Ali Özata: Sıkıntı çok. Devlete verdiğimiz sütlerimiz bazen geri gönderiliyor. Yapamıyorsanız, bu işi kapatın, olsun bitsin. Hükümet istifa etmeli. Ben tavuklarıma dahi, dışardan pahalı su getiriyorum. Türkiye’den gelen suyun acilen dağıtılması lazım. Milletvekilleri köyümüze ziyarete geldikleri zaman onlara gereken cevabı vereceğiz.

Yusuf Kenan Çağlayan: Hayvancının durumu çok kötü.

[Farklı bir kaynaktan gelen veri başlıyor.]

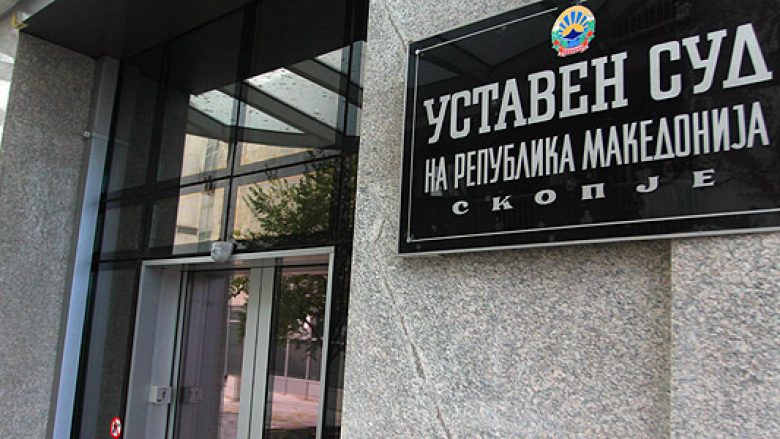 Gjykata kushtetuese e Republikës së Maqedonisë sot do të mbajë mbledhje përgatitore.  Në këtë mbledhje do të diskutohet për lëndët në të cilat është kontestuar kushtetutshmëria e ligjeve.   KFC Delivery – prej tani dërgesë falas të mishit të preferuar deri në shtëpinë tuaj E SPONSORUAR LEXO MË SHUMË “Do të diskutohet për lëndët ku është kontestuar kushtetutshmëria e Dekretit për Ligjin për ratifikim të marrëveshjes me Greqinë (e ashtuquajtura Marrëveshje e Prespës) dhe Ligjin për ratifikimin e Marrëveshjes përfundimtare për zgjidhje të dallimeve të përshkruara në rezolutat 817 (1993) dhe 845 (1993) të Këshillit të Sigurimit të KB-së për ndërprerje të validitetit të Marrëveshjes së përkohshme të vitit 1995 dhe për vendosjen e partneritetit strategjik mes palëve dhe të Dekretit për shpallje të Ligjit për përdorimin e gjuhëve dhe Ligjit për përdorimin e gjuhëve”, thuhet në njoftim.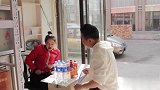 单手抓5瓶饮料奖励500元，没想遇上小伙不按套路出牌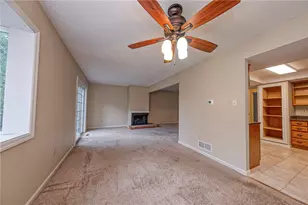 1342 Quail Run Cir, Bethel Park, PA 15102 - Photo 10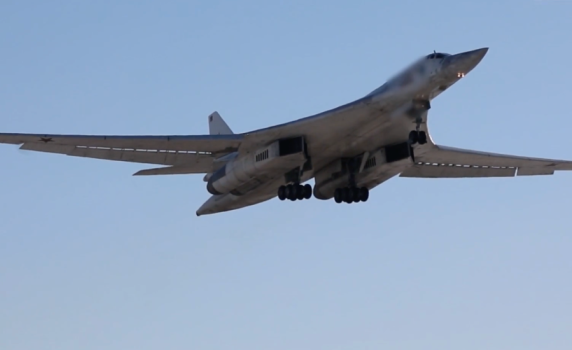 Руски бомбардировачи Ту-160 извършиха полет над Северния ледовит океан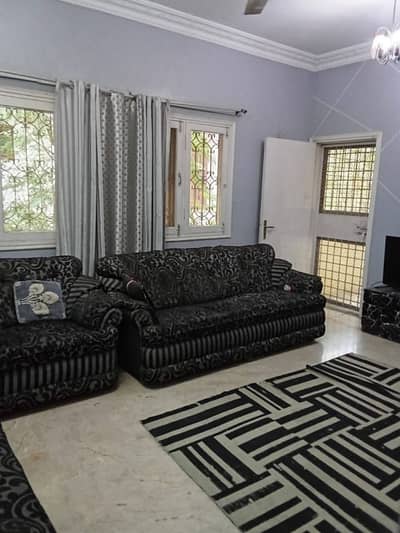 Bungalow For Sale Urgent 2 Unit 600 yards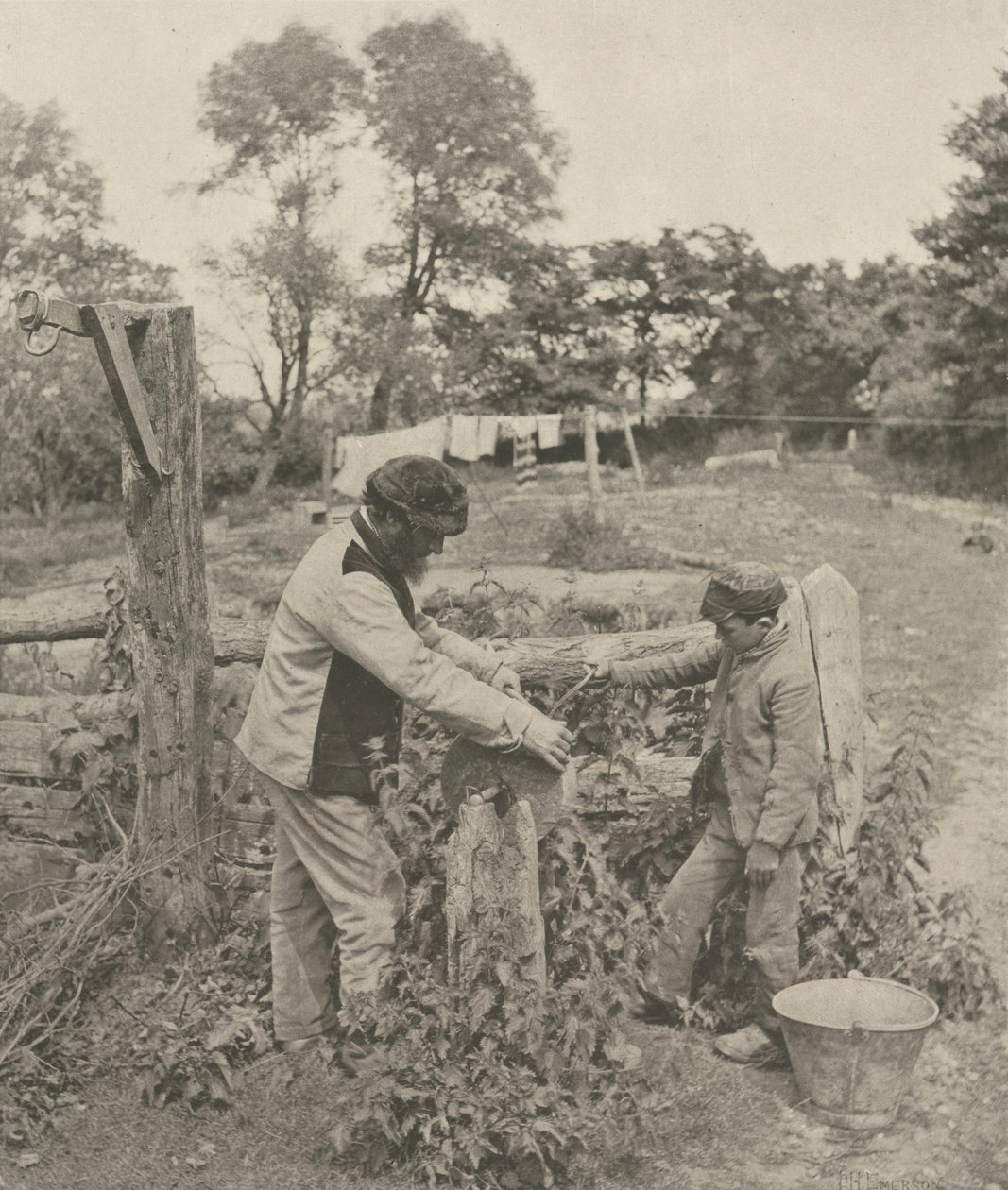 ग्रिंडस्टोन में - ए सफ़ोक फार्महाउस, 1888। द्वारा पीटर हेनरी इमर्सन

Su konusu hayvancının başına büyük bela. Dışardan pahalı su getiriyoruz. Türkiye’den su geldi ama hala dağıtılmadı. Ucuz su olmazsa bu iş biter. Bu ülkede herkes kendini düşünüyor. Haftada 2 tanker su getiriyorum ve bu iki tankere 90 TL ödüyorum. Mazot masrafları malum. 

Hacı Sadullah  Gümüşsoy: Bu hükümet göreve ne zaman geldiyse hayvancının ensesine bindi. Hayvancı perişan. Süte zam yok, teşvik primleri henüz verilmedi. Memleket kurak, hayvancı kötü durumda. Tarım Bakanlığı bu işin çaresine bakmalı. Böyle giderse durum vahim. Kuyulardaki su oranı zaldı. Çiftçi arpa paralarını henüz daha alamadı. Ne olacak bu hayvancının, çiftçinin hali? Tarım Bakanlığı bir an önce çözüm bulsun.”

Ramazan Arık: Ben, küçükbaş hayvancılık yaptım ve sonra bıraktım. 130 civarında hayvanım vardı. Hastalıktan kurtaramadım. Hayvanlarda ölümün önüne geçemedik, hepsini sattım, bitti. Hayvanlarda scrapie hastalığı var ama devletimiz bu hastalıkların üzerine gitmiyor. Bu hastalık şu an küçükbaş hayvanların hepsinde var ve bunun belirtileri uzun zaman içerisinde ortaya çıkacak. Ben yetiştiricisi olarak hayvan eti yemiyorum. Ülkede ürettiğimiz ne var? Çiftçiliği ve hayvancılığı yapamıyoruz. Devlet politikası yok. Büyükbaş hayvan aldım. 9 tane düve aldım. Ama arkadaşları dinliyorum, ondan da tiksindim. Önümü göremiyorum. Burada hayvancılık yapan insanların ek işi olması lazım. Aksi takdirde geçinemezsiniz. Bu da destekten kaynaklanıyor. Destek olmazsa hayvancılık yok olacak. AB normlarından bahsediyorlar ama becerirlerse iyi olur fakat imkansız.